Michel Rollier, le patron de Michelin qui vient d'annoncer une réorganisation coûteuse en pertes d'emplois, a le mérite de dire clairement les choses. "Ce n'est pas la crise, c'est notre souci de renforcer la productivité et l'efficacité de nos usines pour qu'elles fassent face à l'avenir", a-t-il dit pour expliquer cette restructuration. Et il ajoute qu'il s'agit d'une « décision stratégique qui a pour unique but de garder en France une base industrielle forte ».
Dans le même temps, Michel Rollier reconnaît que la crise est « extrêmement violente », et s'est traduite par une chute d'activité de 25% au premier trimestre, voire 80% pour certains clients. Michel Rollier est probablement le seul des grands patrons à s'être ainsi exprimé aussi nettement.

Qu'est-ce à dire ?

Des restructurations par effet d'« Aubaine » ou par nécessité ?

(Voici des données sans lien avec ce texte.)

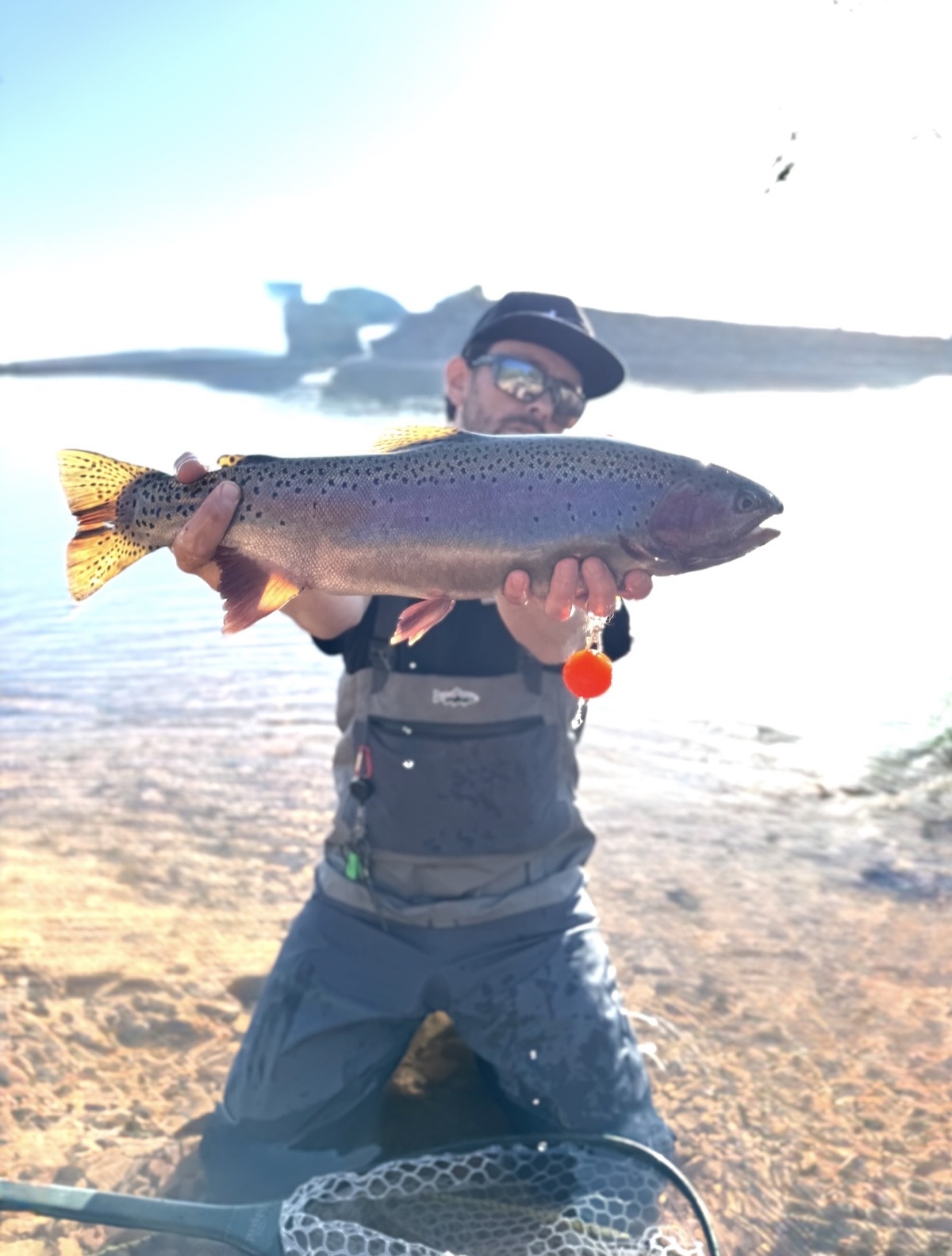 Colorado trout 73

Les syndicats reprennent leur accusation habituelle : la crise crée pour les entreprises un « effet d'aubaine » qui leur permet d'en profiter pour se livrer à des restructurations (sous-entendu honteuses). La déclaration de Michel Rollier donne donc apparemment du grain à moudre aux syndicats. Mais au fond, tout le monde dit la même chose, excepté que le terme d'aubaine est parfaitement mal venu, alors qu'il s'agit de tirer les conséquences d'un effet de nécessité que la crise n'a fait qu'aggraver.

Autrement dit, ce n'est pas une nouveauté si les sites français de production de Michelin souffrent d'un manque de compétitivité, et si par exemple l'usine de Noyelles-lès-Seclin est trop petite pour faire face à la concurrence, comme l'indique le patron du groupe. L'usine de Clermont faisait travailler 30.000 salariés en 1982, ils ne sont plus maintenant que 12.000. En 1998 Michelin était établi sur 24 sites en France, il n'y en a plus que la moitié dix ans plus tard. La tendance est ancienne et lourde.

Crise ET mondialisation

Le besoin de compétitivité traduit l'effet d'une concurrence accrue du fait de la mondialisation, ce qui n'a rien à voir avec la crise. Mais celle-ci précipite des évolutions par ailleurs inéluctables. Alors, crise ou mondialisation ? Les deux à la fois. Il y a en réalité plusieurs origines à une crise comme celle qui frappe l'automobile, et par voie de conséquence le marché du pneumatique. Lorsque ce marché se redressera, les causes structurelles demeureront si on n'y a pas porté remède comme tente de le faire Michelin en annonçant ses restructurations. La colère de Martine Aubry ( Noyelles est une ville du Nord) ou les préoccupations affirmées par le gouvernement n'y changeront rien.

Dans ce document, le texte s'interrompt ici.